____ INFORMATION

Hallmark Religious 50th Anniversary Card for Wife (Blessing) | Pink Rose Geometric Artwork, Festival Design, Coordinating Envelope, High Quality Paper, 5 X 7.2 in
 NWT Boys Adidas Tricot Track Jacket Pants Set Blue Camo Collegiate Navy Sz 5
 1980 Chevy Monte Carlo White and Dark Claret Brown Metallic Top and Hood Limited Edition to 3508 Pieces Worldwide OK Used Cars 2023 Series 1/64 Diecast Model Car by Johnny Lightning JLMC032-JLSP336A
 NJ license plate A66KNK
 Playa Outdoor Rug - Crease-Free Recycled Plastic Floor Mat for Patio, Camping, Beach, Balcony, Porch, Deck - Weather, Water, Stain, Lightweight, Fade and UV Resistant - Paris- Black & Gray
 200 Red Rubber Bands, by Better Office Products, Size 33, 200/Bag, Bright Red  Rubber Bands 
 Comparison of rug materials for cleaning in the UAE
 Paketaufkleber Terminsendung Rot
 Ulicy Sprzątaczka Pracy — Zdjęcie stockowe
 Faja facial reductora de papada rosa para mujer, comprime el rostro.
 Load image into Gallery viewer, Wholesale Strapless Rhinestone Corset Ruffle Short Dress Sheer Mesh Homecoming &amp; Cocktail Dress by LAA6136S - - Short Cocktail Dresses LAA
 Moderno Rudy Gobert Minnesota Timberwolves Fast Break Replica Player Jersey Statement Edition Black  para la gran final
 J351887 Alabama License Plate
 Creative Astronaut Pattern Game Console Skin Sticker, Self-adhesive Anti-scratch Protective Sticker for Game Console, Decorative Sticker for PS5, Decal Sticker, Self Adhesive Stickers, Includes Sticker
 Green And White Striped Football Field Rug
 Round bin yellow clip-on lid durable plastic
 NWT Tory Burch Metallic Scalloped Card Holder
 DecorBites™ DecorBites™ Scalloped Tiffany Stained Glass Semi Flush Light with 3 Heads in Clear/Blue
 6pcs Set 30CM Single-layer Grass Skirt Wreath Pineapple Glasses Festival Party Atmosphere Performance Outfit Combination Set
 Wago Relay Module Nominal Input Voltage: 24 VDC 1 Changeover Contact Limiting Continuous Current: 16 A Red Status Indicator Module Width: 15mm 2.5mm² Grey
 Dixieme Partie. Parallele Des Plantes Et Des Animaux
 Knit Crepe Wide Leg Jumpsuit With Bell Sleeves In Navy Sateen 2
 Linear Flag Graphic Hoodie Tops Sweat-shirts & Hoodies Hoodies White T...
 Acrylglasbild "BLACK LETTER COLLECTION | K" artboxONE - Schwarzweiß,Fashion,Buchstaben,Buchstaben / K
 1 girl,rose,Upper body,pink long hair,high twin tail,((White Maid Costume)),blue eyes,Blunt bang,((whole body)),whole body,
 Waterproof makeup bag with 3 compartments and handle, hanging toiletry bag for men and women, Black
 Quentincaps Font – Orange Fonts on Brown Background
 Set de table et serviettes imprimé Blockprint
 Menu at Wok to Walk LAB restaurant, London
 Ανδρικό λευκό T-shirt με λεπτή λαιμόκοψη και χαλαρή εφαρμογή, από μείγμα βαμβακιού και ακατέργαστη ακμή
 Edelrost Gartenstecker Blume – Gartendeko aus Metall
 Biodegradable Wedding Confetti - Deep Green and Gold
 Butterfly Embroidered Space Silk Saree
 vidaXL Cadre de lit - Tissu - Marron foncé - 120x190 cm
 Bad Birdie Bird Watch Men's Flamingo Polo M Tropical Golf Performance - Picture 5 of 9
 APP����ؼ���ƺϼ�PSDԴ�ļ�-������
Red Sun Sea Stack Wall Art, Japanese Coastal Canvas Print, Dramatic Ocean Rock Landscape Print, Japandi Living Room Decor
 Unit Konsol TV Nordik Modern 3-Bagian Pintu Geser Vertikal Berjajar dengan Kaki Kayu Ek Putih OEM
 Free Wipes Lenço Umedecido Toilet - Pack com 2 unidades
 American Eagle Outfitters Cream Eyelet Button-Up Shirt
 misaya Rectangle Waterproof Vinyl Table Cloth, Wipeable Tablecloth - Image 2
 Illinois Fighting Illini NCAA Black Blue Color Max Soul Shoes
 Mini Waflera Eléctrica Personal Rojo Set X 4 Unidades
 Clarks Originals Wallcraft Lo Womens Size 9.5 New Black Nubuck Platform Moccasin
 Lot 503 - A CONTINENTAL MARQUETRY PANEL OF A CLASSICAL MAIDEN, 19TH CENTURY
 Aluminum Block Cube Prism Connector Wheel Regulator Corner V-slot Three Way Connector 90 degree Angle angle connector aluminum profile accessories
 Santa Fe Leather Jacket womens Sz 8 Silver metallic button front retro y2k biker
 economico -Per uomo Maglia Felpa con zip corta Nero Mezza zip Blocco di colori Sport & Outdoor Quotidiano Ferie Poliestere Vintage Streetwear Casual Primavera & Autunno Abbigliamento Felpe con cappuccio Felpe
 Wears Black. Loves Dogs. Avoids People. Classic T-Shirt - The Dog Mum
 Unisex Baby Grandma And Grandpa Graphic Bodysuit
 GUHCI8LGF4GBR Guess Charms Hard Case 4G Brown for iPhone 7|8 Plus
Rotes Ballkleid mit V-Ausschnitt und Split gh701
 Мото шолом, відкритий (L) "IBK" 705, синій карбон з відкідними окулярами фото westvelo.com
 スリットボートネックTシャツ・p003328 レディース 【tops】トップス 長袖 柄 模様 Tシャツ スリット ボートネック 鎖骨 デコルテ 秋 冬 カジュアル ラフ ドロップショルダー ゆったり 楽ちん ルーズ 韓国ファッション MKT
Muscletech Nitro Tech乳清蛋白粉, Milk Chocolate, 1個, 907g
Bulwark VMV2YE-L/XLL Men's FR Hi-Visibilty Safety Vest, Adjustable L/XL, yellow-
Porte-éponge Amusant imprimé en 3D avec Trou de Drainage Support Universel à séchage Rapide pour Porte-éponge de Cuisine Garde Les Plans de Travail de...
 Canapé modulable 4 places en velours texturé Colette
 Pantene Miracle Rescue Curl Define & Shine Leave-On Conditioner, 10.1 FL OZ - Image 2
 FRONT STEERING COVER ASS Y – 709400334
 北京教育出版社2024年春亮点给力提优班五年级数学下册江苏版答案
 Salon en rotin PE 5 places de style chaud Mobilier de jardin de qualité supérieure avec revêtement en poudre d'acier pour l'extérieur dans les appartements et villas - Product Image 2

________

*EXERCISE DESCRIPTION*. Extract every line from the one containing "Bulwark VMV2YE-L/XLL Men's" through the last line of the data, inclusive, exactly as written.

*RESULT BELOW*.
Bulwark VMV2YE-L/XLL Men's FR Hi-Visibilty Safety Vest, Adjustable L/XL, yellow-
Porte-éponge Amusant imprimé en 3D avec Trou de Drainage Support Universel à séchage Rapide pour Porte-éponge de Cuisine Garde Les Plans de Travail de...
 Canapé modulable 4 places en velours texturé Colette
 Pantene Miracle Rescue Curl Define & Shine Leave-On Conditioner, 10.1 FL OZ - Image 2
 FRONT STEERING COVER ASS Y – 709400334
 北京教育出版社2024年春亮点给力提优班五年级数学下册江苏版答案
 Salon en rotin PE 5 places de style chaud Mobilier de jardin de qualité supérieure avec revêtement en poudre d'acier pour l'extérieur dans les appartements et villas - Product Image 2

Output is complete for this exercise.